Input for this task:

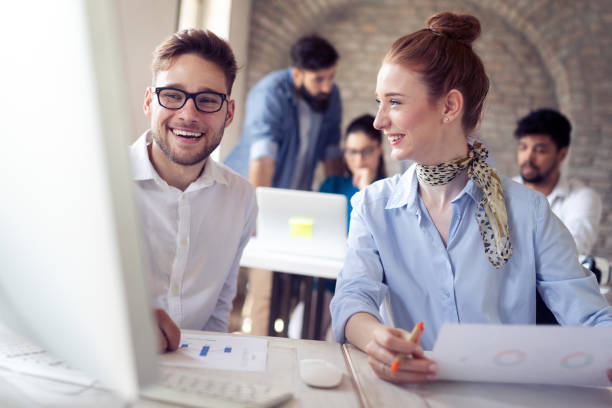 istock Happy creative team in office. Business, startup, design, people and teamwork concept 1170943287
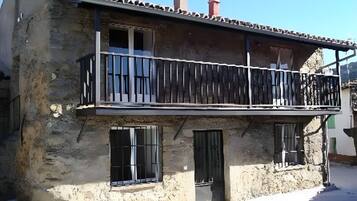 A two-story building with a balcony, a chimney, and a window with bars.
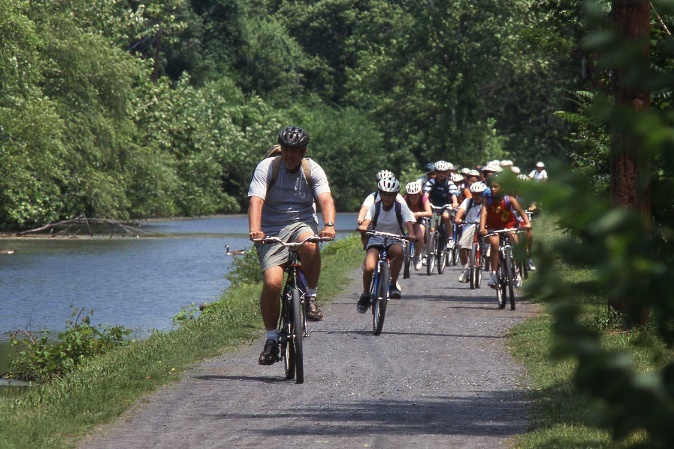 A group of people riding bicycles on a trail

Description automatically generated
--
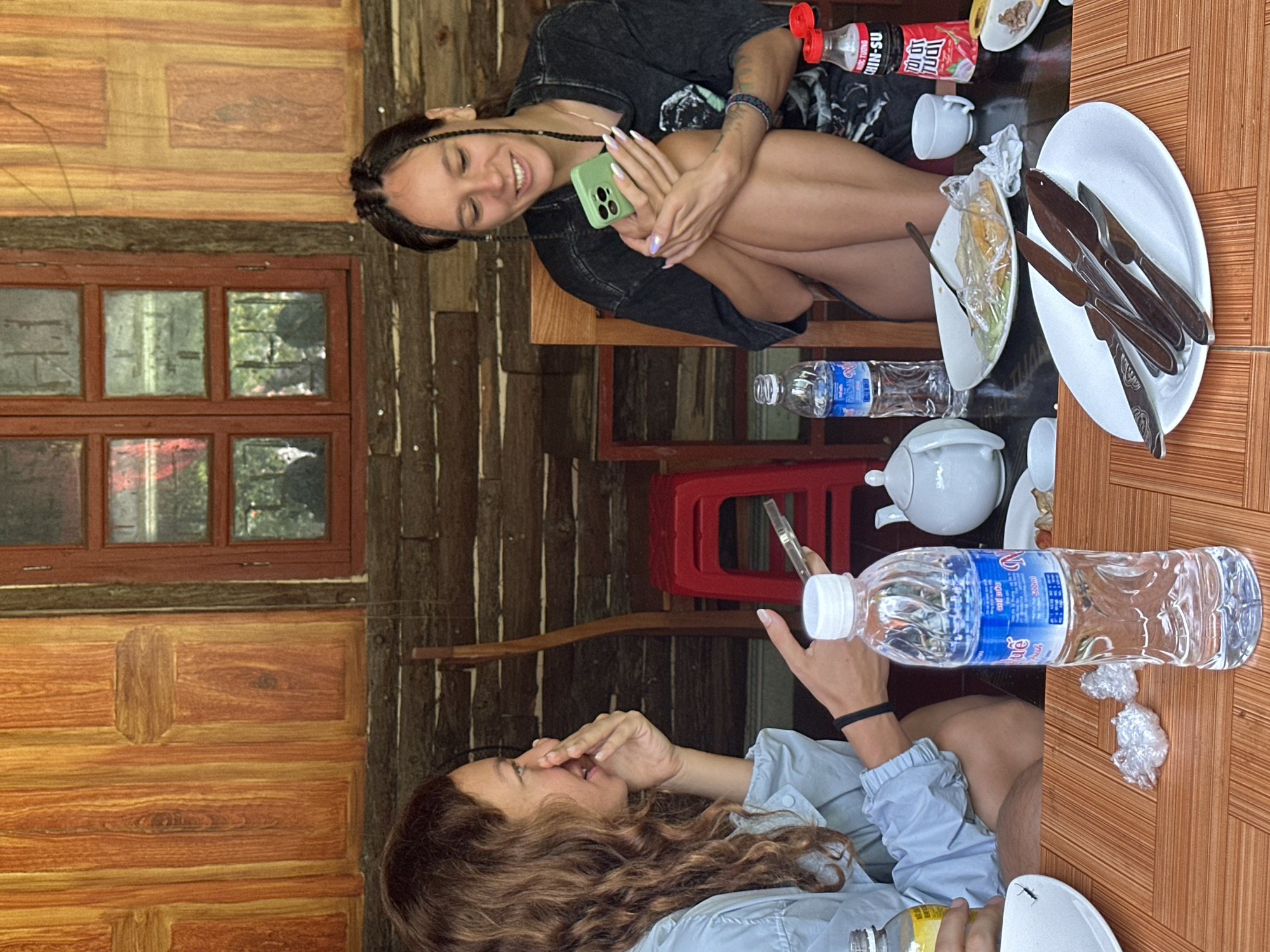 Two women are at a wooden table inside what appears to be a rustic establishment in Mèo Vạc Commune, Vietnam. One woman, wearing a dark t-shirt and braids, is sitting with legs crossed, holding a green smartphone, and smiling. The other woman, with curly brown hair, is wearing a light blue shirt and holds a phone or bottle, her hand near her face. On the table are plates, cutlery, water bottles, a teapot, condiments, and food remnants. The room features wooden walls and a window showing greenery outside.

The problem: Print, exactly, each line above from the one with "istock Happy creative" to the one with "Description automatically generated", end lines included. Leave pictures out of it.

Task response:
 istock Happy creative team in office. Business, startup, design, people and teamwork concept 1170943287
 A two-story building with a balcony, a chimney, and a window with bars.
 A group of people riding bicycles on a trail

Description automatically generated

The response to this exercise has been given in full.